Pieter Gert Wessel du Plessis was born on 4 January 1932 on the farm Geelhoutbos north of the present-day Thabazimbi as one of twins. He and his sister were the children of Jan Harm Christian du Plessis and Maria Magdalena (born du Plessis). They were baptized in the Matlabas Reformed Church, between Brits and Thabazimbi.
His father was a farmer on, among others, Frankvlei in the Bushveld and later in the district of Thabazimbi. He and his sister, Corrie, were in Thabazimbi Primary School and matriculated at Gimnasium High School in Potchefstroom. At school he played tennis and was a hurdles runner.
After matric (grade 12) he obtained the degrees B.A. and M.A. in philosophy at the then PU for CHE. His supervisor, Prof. H.G. Stoker, advised him to get exposure for two years to several universities in the Netherlands (Vrije Universiteit Amsterdam and Leiden University) and in Germany (University of Bonn and University of Tübingen).
Before he left for Europe, he married Annetjie Kruger, daughter of Bettie and the late Chris Kruger of Reddersburg, in 1955 in Bloemfontein. Annetjie was born on 2 June 1934 in Bloemfontein. Her parents farmed in the Reddersburg district. After her father’s death in 1946, Annetjie and her mother moved to Bloemfontein. After their wedding, the young couple left for the Netherlands on a mail ship via England. She also studied at the Potchefstroom University (PU for CHE) and was trained in social work and later also in library science.
In 1962 Pieter received his doctorate under prof. Stoker in philosophy (cum laude) at the PU for CHE. His area of specialization was various aspects of ethics. After their return in 1957, he was appointed as a lecturer in philosophy at the PU for CHE. In 1965 Pieter became Professor of Philosophy at the then newly founded University of Port Elizabeth.
At the founding of the former Rand Afrikaans University in Johannesburg in 1968, he was appointed as head of the philosophy department. He was twice dean of RAU’s faculty of humanities, was a Senate representative on the Board for 12 years and as such a member of the Executive Committee of the Board.
Du Plessis conducted research in Toronto, Canada in 1970 / ’71, and was a visiting fellow at Princeton University in the USA. In 1976 he was a guest professor in the Netherlands at the invitation of the Dutch government. During the previous South African dispensation, he was a member of the State President’s Scientific Advisory Committee for four years.

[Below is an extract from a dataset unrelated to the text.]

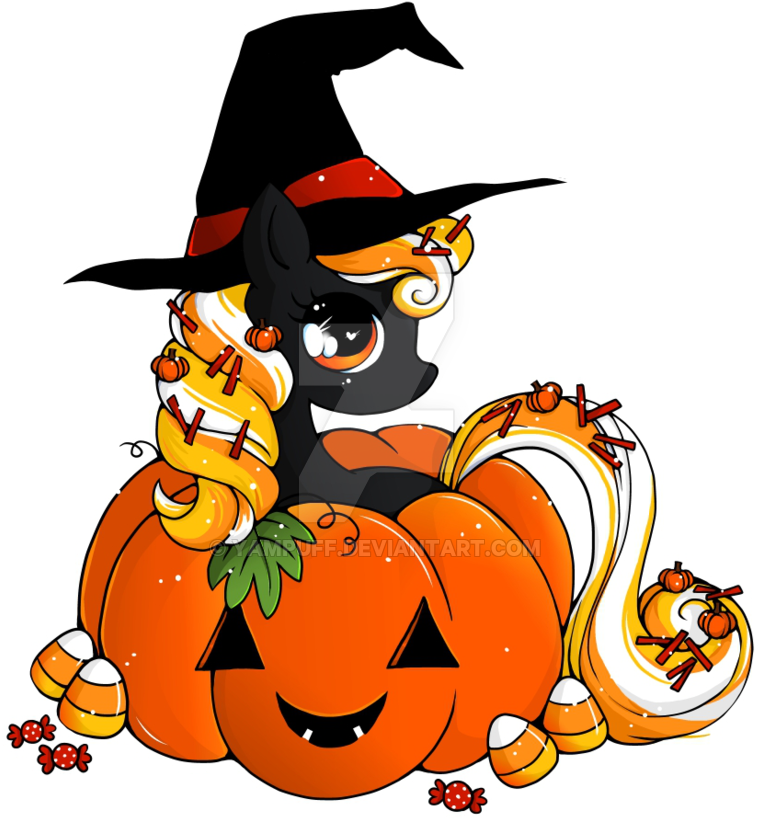 Pumpkin Pony Commish By Yampuff - Jack-o'-lantern (800x847)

He was a member of the South African Academy for Science and the Arts and was actively involved, among others, as chairman of various committees of the Humanities Research Council (HSRC).
His publications include a few books and about fifty articles, some of which are in international journals.
Numerous postgraduate students obtained their masters and doctorates under his guidance. Among them are ministers, of the Reformed as well as other churches, academics, political consultants and politicians.
During the transition period in South Africa he served as the country’s cultural attaché in Brussels, Belgium for three years from 1989. He retired in 1992, after which he returned to the PU for CHE for five years in 1996 to help establish the Centre for Faith and Science.
He was a great lover of classical music and an avid gardener, especially indigenous plants and trees. As a hunter, he went hunting successfully with his hunting friends and his son-in-law and grandsons up to the age of 84. He was a dedicated ethical hunter.
From an early age he served on church councils of the various congregations of which he and his wife were members. He often served as Deputy of various Synods of the Reformed Churches of South Africa. The congregations of which they were members over the years were Potchefstroom-Noord (and Noordbrug after secession, 1957–1965), Port Elizabeth (1965–1967), Linden (late 1967–1995), Potchefstroom-Noord (after merging with Noordbrug as Potchefstroom-Die Bult, 1996–2013) and Pretoria-Montanapoort since 2014.
His calm, thoughtful and sober judgment of affairs were always highly valued. These were his most outstanding qualities. Above all, he was a deeply religious man. With love and wisdom, he was a father to the couple’s three daughters, Elida, Marileen and Annerita, and later a loving grandfather.
After having had cancer for a number of years, Du Plessis passed away on 8 may 2017 at the age of 85.